RECORD SET =>
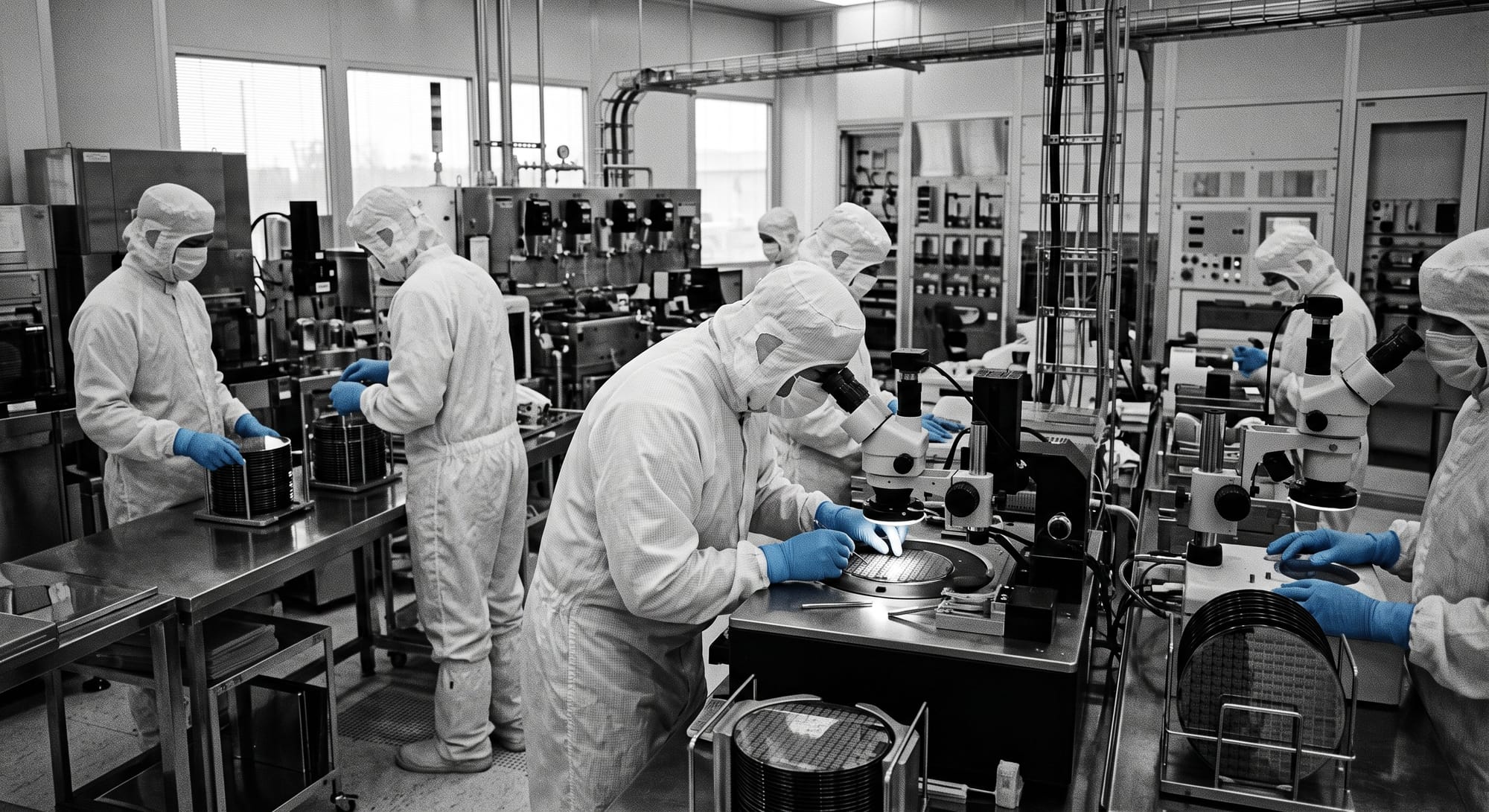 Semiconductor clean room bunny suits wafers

* * *

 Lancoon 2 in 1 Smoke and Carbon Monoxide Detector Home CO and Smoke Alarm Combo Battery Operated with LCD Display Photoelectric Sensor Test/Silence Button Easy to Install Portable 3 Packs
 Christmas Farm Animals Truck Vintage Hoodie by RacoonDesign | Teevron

--

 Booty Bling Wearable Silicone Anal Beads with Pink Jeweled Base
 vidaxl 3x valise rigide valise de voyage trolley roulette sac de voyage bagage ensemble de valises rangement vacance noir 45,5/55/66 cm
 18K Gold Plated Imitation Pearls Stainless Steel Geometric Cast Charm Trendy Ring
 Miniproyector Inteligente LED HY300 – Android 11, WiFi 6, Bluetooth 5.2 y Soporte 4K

WHAT YOU WILL DO => Print exactly the lines of the listing above starting at the line containing "Booty Bling Wearable" and ending at the line containing "Miniproyector Inteligente LED", both included.

ANSWER SPACE =>
 Booty Bling Wearable Silicone Anal Beads with Pink Jeweled Base
 vidaxl 3x valise rigide valise de voyage trolley roulette sac de voyage bagage ensemble de valises rangement vacance noir 45,5/55/66 cm
 18K Gold Plated Imitation Pearls Stainless Steel Geometric Cast Charm Trendy Ring
 Miniproyector Inteligente LED HY300 – Android 11, WiFi 6, Bluetooth 5.2 y Soporte 4K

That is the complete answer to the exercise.